Up to now postgres_fdw has been using create_foreignscan_path() to
generate not only base-relation paths, but also paths for foreign joins
and foreign upperrels. This is wrong, because create_foreignscan_path()
calls get_baserel_parampathinfo() which will only do the right thing for
baserels. It accidentally fails to fail for unparameterized paths, which
are the only ones postgres_fdw (thought it) was handling, but we really
need different APIs for the baserel and join cases.

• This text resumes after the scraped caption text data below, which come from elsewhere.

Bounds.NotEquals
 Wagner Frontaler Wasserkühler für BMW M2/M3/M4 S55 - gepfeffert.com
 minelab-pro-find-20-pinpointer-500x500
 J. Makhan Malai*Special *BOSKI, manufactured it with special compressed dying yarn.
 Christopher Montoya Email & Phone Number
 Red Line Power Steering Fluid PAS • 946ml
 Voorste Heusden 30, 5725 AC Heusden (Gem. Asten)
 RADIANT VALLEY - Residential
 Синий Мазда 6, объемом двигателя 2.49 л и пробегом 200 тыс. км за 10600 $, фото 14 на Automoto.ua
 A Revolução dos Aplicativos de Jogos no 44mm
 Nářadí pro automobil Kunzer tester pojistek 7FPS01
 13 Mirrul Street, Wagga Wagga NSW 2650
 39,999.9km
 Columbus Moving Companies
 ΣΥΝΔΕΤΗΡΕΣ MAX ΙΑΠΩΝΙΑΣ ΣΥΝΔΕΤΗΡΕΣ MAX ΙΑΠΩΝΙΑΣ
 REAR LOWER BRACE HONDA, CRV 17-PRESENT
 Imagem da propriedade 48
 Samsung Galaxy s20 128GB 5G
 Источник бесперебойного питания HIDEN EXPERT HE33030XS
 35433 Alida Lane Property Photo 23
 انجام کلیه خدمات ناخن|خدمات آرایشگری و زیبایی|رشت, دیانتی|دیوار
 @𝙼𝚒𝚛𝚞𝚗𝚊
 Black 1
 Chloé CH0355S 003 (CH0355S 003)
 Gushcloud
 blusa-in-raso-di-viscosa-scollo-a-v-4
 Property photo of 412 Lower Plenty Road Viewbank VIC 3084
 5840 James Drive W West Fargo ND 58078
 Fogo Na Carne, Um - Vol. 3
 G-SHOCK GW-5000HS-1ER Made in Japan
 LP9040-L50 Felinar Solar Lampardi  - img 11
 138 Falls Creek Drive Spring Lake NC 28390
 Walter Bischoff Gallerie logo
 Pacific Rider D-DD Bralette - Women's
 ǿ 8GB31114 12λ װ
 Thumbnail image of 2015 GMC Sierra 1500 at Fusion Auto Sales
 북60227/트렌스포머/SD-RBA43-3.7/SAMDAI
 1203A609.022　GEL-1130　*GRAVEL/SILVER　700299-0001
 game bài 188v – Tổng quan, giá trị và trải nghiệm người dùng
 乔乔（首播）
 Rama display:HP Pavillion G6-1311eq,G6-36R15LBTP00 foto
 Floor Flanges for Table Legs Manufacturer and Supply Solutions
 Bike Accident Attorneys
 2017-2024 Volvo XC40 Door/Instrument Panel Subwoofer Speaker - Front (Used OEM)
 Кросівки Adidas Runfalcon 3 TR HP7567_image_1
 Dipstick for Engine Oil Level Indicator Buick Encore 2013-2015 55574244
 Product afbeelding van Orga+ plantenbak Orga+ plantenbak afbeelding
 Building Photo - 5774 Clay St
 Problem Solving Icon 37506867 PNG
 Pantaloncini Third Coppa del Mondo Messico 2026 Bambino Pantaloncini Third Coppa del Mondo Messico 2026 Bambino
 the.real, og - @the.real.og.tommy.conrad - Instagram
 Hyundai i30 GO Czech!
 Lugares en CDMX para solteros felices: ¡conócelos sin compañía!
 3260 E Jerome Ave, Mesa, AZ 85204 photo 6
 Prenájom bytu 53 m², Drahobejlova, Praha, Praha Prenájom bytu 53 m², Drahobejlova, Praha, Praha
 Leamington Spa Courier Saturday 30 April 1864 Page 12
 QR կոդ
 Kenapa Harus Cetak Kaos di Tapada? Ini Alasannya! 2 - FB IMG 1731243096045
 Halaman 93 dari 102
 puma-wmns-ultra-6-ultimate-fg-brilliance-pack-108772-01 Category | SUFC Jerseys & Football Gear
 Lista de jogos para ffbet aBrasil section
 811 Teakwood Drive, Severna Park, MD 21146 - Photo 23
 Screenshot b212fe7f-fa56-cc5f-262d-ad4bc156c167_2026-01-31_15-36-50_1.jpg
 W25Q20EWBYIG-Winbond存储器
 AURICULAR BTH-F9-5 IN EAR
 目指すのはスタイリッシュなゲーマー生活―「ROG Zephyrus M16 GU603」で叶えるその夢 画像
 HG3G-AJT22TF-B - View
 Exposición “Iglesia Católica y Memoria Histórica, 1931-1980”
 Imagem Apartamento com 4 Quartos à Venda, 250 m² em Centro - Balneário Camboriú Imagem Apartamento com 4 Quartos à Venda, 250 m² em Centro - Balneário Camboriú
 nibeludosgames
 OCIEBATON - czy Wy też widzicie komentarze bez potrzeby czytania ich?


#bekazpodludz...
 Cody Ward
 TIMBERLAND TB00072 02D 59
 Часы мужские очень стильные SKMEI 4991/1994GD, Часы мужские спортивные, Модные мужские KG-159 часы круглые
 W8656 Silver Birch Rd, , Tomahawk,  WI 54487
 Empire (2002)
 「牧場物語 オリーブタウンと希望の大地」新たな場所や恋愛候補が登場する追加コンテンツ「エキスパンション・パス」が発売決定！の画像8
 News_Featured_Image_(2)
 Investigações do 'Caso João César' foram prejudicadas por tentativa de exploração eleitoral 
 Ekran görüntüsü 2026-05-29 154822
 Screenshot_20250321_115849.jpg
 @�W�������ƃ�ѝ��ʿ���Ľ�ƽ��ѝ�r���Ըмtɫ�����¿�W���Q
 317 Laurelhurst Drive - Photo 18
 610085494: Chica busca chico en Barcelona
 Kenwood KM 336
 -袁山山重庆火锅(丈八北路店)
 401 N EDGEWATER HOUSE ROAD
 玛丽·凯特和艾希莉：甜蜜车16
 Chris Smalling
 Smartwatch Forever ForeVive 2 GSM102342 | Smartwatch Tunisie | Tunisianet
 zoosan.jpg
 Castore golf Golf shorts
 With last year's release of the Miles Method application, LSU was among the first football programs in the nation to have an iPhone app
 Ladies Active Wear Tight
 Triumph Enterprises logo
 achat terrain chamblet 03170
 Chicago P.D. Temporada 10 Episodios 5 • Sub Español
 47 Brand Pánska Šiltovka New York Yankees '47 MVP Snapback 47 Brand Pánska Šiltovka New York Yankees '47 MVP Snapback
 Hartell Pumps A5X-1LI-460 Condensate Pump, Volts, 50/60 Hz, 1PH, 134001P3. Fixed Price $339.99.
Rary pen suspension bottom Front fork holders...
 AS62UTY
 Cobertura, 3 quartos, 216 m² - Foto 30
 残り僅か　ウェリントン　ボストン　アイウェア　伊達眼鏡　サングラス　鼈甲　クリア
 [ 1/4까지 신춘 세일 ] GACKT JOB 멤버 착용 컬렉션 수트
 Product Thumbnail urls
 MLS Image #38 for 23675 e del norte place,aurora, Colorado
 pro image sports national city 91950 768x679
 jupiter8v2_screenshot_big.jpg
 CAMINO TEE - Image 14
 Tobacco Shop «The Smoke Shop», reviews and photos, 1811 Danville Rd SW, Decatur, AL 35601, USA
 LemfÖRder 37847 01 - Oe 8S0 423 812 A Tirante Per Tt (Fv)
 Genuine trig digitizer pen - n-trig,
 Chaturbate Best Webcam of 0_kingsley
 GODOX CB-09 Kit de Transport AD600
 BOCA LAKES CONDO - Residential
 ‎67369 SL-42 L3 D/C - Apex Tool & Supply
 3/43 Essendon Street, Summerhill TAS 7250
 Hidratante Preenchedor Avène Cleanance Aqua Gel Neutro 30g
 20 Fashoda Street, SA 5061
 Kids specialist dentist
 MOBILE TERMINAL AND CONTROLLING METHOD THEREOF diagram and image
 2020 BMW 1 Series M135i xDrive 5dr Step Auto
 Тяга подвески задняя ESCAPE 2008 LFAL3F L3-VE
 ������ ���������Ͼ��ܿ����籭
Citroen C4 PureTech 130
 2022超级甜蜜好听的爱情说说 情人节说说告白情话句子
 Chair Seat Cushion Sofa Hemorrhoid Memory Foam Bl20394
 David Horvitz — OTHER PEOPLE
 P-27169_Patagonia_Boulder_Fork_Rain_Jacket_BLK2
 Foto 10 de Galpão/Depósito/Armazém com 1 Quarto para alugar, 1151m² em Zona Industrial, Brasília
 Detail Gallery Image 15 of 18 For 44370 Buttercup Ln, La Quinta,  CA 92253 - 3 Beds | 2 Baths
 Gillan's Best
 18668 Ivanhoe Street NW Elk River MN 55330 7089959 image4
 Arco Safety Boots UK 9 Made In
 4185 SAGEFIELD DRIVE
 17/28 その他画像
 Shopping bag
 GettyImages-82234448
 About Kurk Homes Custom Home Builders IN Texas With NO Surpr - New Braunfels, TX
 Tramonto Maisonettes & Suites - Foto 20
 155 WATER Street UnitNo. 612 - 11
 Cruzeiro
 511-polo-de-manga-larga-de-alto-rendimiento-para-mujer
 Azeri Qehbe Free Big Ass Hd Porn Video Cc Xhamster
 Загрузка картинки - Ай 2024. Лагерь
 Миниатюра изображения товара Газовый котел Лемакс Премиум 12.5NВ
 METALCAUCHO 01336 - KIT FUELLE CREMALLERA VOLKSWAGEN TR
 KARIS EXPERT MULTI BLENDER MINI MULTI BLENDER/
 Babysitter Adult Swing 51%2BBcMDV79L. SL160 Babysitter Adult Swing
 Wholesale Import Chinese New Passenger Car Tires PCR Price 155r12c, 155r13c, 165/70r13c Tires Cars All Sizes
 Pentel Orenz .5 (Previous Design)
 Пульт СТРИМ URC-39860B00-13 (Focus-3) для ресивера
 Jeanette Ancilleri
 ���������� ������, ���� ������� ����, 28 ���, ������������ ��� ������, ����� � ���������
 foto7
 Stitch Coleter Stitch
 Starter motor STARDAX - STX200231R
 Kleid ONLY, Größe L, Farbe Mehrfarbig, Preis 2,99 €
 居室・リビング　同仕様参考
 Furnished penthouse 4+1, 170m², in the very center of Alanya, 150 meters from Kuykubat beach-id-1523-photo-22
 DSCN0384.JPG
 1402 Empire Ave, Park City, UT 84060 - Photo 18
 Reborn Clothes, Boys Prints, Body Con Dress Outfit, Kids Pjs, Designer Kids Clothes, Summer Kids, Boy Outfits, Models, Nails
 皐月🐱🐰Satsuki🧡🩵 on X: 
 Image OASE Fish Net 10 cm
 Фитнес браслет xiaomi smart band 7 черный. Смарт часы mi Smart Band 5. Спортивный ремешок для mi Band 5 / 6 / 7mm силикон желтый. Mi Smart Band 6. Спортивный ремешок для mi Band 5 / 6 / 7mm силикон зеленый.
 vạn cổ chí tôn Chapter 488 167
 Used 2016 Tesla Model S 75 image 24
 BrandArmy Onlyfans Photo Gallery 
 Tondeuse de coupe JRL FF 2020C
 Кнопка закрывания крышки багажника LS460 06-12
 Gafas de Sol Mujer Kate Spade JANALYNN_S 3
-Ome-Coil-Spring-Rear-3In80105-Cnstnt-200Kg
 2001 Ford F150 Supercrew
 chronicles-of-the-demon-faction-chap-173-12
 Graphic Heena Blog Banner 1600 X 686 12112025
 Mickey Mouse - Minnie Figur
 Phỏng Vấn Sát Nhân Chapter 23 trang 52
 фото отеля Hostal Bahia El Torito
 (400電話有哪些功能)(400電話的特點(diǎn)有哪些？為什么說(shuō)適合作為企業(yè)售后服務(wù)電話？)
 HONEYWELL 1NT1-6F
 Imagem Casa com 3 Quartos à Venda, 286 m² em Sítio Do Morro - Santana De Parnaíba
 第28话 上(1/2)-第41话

In HEAD, the best thing to do seems to be to split up the baserel,
joinrel, and upperrel cases into three functions so that they can
have different APIs. I haven't actually given create_foreign_join_path
a different API in this commit: we should spend a bit of time thinking
about just what we want to do there, since perhaps FDWs would want to
do something different from the build-up-a-join-pairwise approach that
get_joinrel_parampathinfo expects. In the meantime, since postgres_fdw
isn't prepared to generate parameterized joins anyway, just give it a
defense against trying to plan joins with lateral refs.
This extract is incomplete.